Single-Chain Variable Fragment-Based Dot Blot, Single, and Multiple Assays for Rapid SARS-CoV-2 Diagnostics.

Abstract

Background: Antigenic detection is reliably utilized in rapid diagnostic tests and provides a significant time advantage during pandemics and epidemics. Therefore, the rapid detection of viral infections is of great importance and will remain crucial in the future. The SARS-CoV-2 outbreak, which resulted in severe losses, is the most recent example of this necessity. Among rapid diagnostic tests, lateral flow assays (LFAs) are the most practical and do not require specialized equipment, typically being developed using antibody pairs.

Objective: This study aimed to recombinantly produce a single-chain variable fragment (scFv) specific to the SARS-CoV-2 spike receptor-binding domain (sRBD) and to employ it in the development of LFAs utilizing both antibody and aptamer pairs and an aptamer cocktail.

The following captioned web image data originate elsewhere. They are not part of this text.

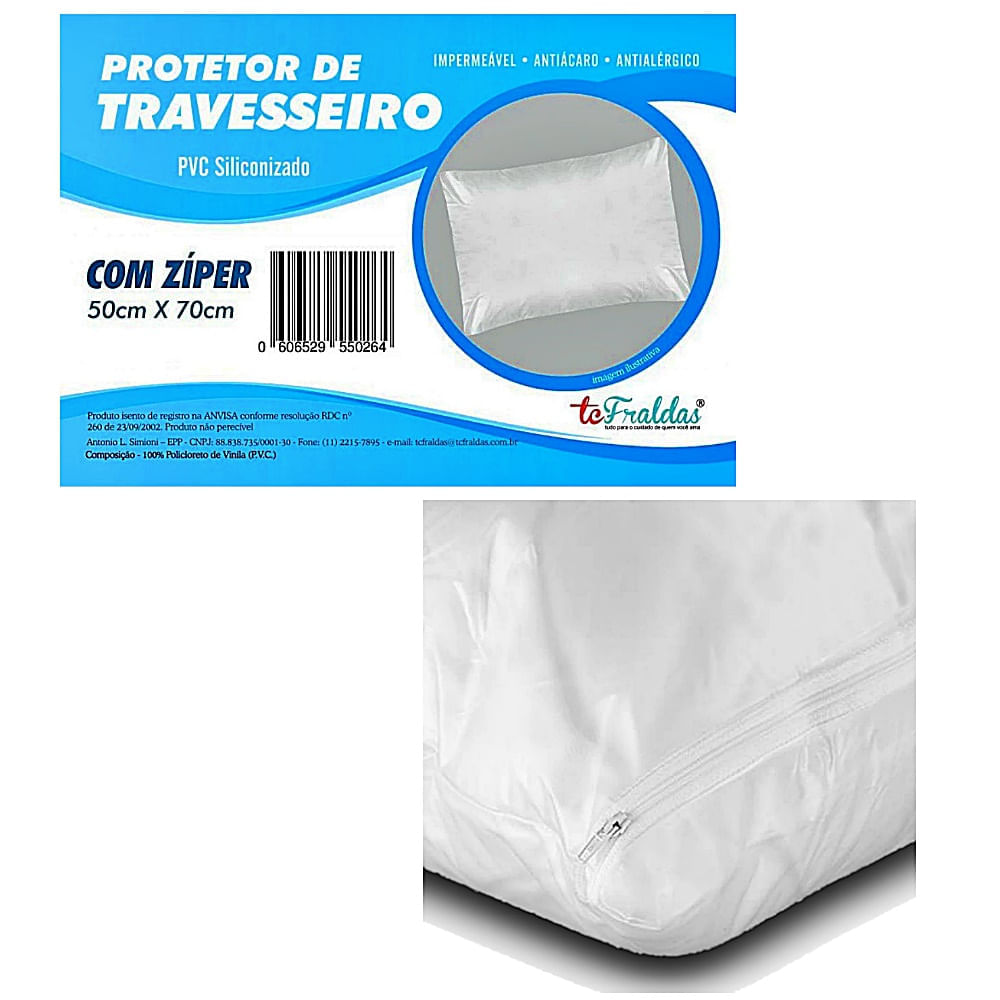 Protetor Travesseiro Pvc Siliconizado Ziper 50x70cm Unidade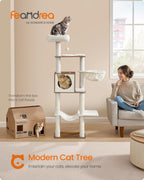 Feandrea Cat Tree, 65-Inch Tall Cat Tower, Multi-Level Condo with Cave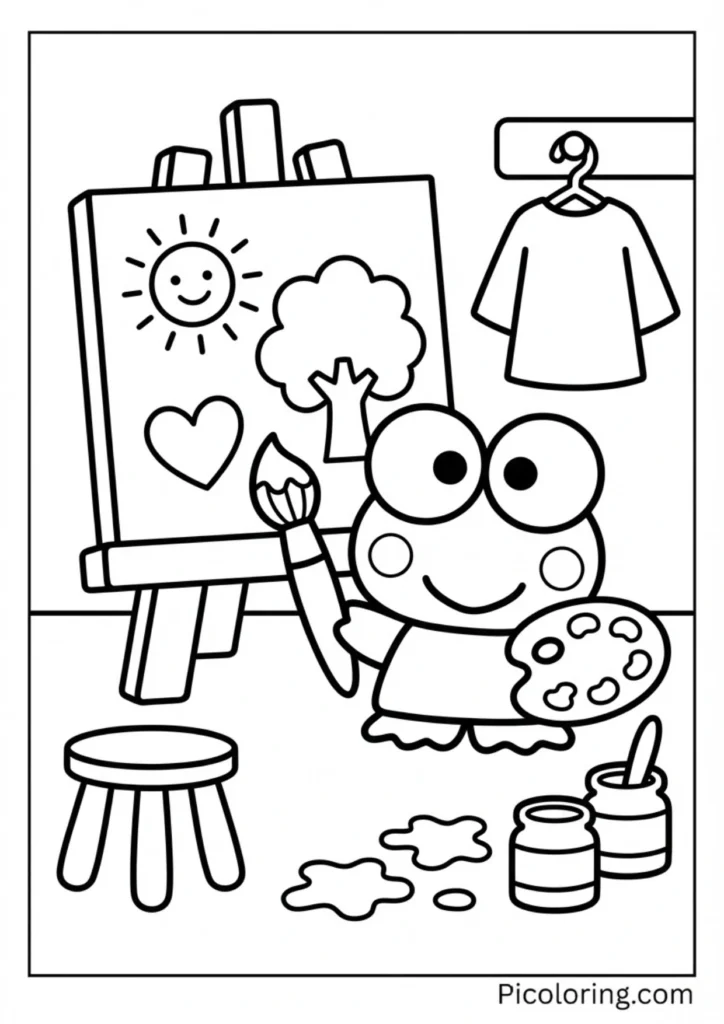 Keroppi holding a paintbrush in front of an easel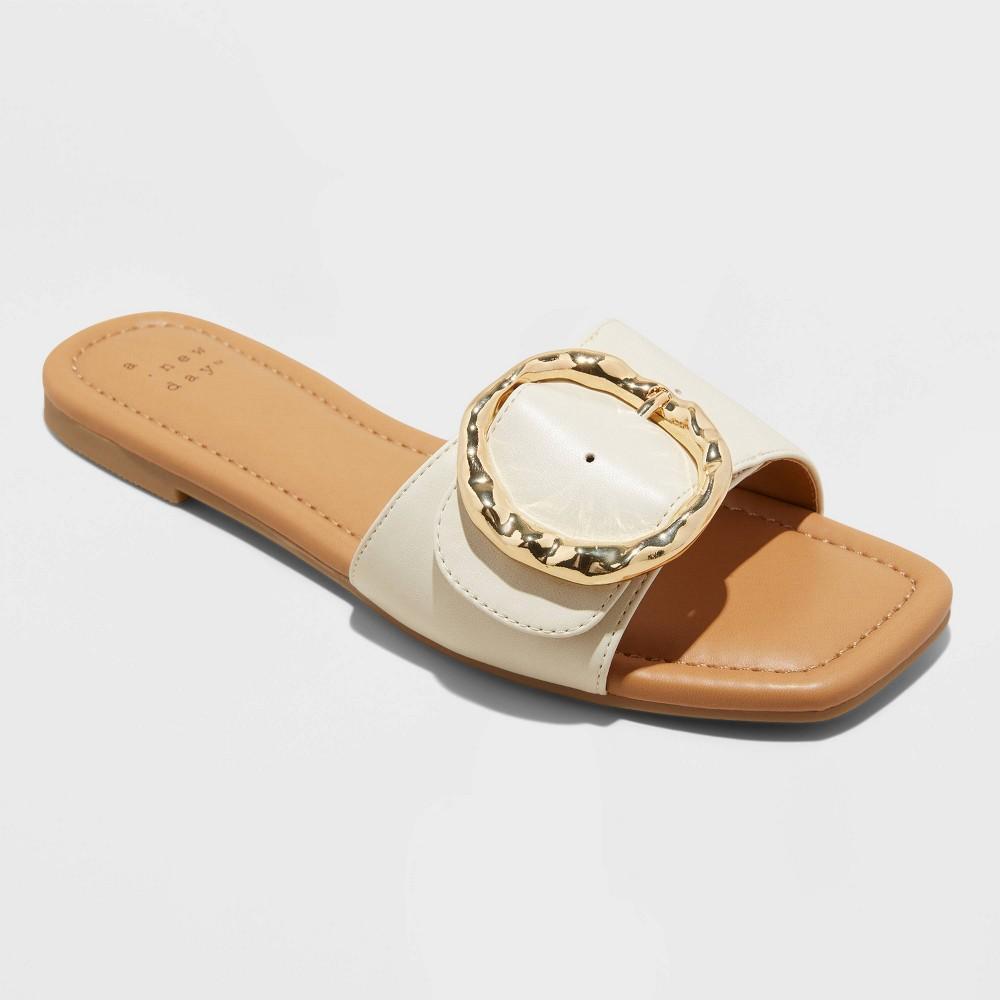 Womens Bennie Buckle Slide Sandals with Memory Foam Insole - A New Day Cream 6.5 Product Image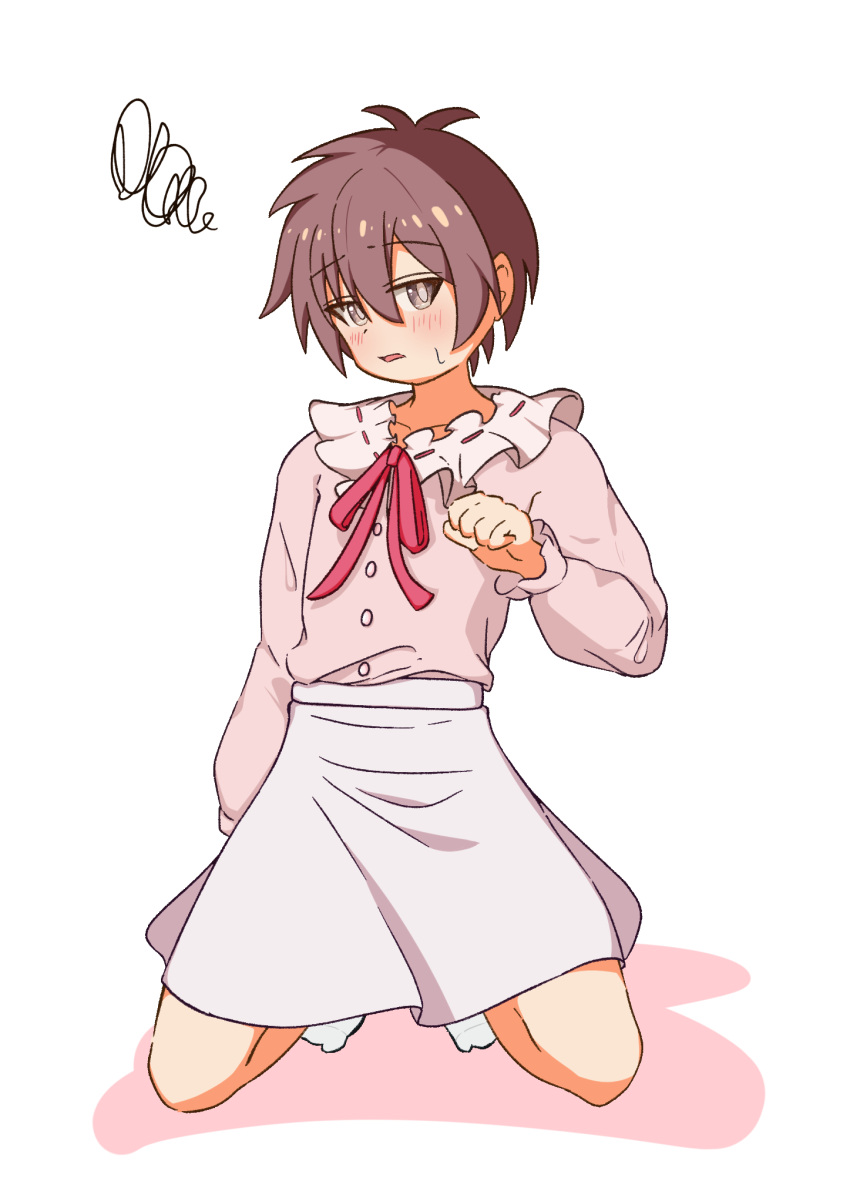 1boy, abi_ervin, blush, brown_eyes, brown_hair, commentary, cosplay, crossdressing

Methods: Gold nanoparticles were employed as labeling agents, while both the scFv and full length forms of CR3022, along with aptamers specific to the S and N proteins, were utilized in a sandwich assay format.

Results: scFv was produced at a higher concentration and biologically active. It demonstrated effective viral detection in single LFA, dot blot assay (DBA), and multiplex LFA. While single LFA successfully detected only the synthetic target, DBA and multiplex LFA selectively identified the virus in nasopharyngeal and oropharyngeal swab samples.

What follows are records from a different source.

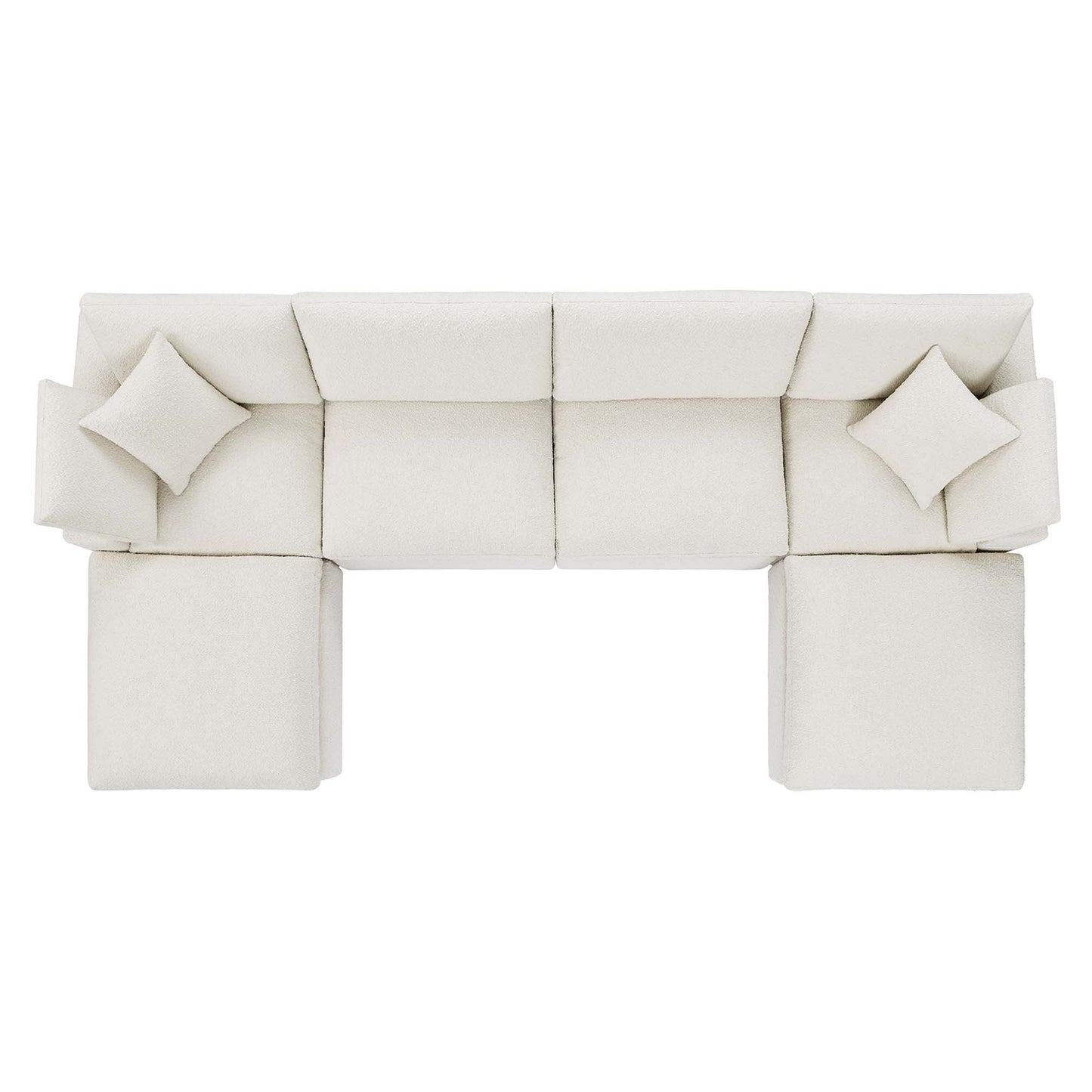 Commix 6-Piece Down Filled Overstuffed Boucle Sectional Sofa by Furniture for America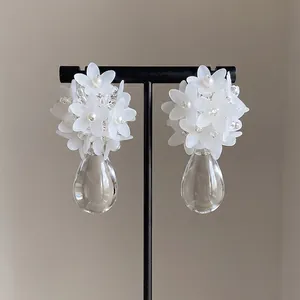 Elegant white flower cluster earrings with clear water drop pendants, French style jewelry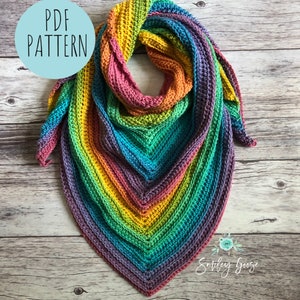 CROCHET SCARF PATTERN: Stella Triangle Scarf, Easy Triangle Scarf, Crochet Wrap Pattern, Crochet Shawl Pattern, Easy Crochet Pattern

Conclusion: Findings highlight the differences and effectiveness of using scFv in combination with other capture agents and different assay principles for the development of cost-effective and rapid diagnostic tests.

Highlights: scFvs exhibit variable binding in sandwich assays depending on the combinations employed. When used in combination with an aptamer cocktail, scFvs demonstrate enhanced target binding, which is shown for the first time in this study. The use of multiple testing strategies enables a more effective viral diagnosis.